● PROBLEM REQUIREMENTS
Write back every record verbatim.

● Stored data
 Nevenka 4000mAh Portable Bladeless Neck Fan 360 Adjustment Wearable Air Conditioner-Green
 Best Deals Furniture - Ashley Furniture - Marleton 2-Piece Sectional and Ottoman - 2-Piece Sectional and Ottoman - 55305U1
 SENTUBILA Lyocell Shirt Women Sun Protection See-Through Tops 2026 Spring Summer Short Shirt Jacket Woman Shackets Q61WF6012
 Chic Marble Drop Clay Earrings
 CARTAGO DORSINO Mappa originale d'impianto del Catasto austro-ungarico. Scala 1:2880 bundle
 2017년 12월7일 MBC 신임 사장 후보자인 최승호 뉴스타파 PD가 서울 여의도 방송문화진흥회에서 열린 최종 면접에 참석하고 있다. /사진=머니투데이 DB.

● ANSWER BELOW
 Nevenka 4000mAh Portable Bladeless Neck Fan 360 Adjustment Wearable Air Conditioner-Green
 Best Deals Furniture - Ashley Furniture - Marleton 2-Piece Sectional and Ottoman - 2-Piece Sectional and Ottoman - 55305U1
 SENTUBILA Lyocell Shirt Women Sun Protection See-Through Tops 2026 Spring Summer Short Shirt Jacket Woman Shackets Q61WF6012
 Chic Marble Drop Clay Earrings
 CARTAGO DORSINO Mappa originale d'impianto del Catasto austro-ungarico. Scala 1:2880 bundle
 2017년 12월7일 MBC 신임 사장 후보자인 최승호 뉴스타파 PD가 서울 여의도 방송문화진흥회에서 열린 최종 면접에 참석하고 있다. /사진=머니투데이 DB.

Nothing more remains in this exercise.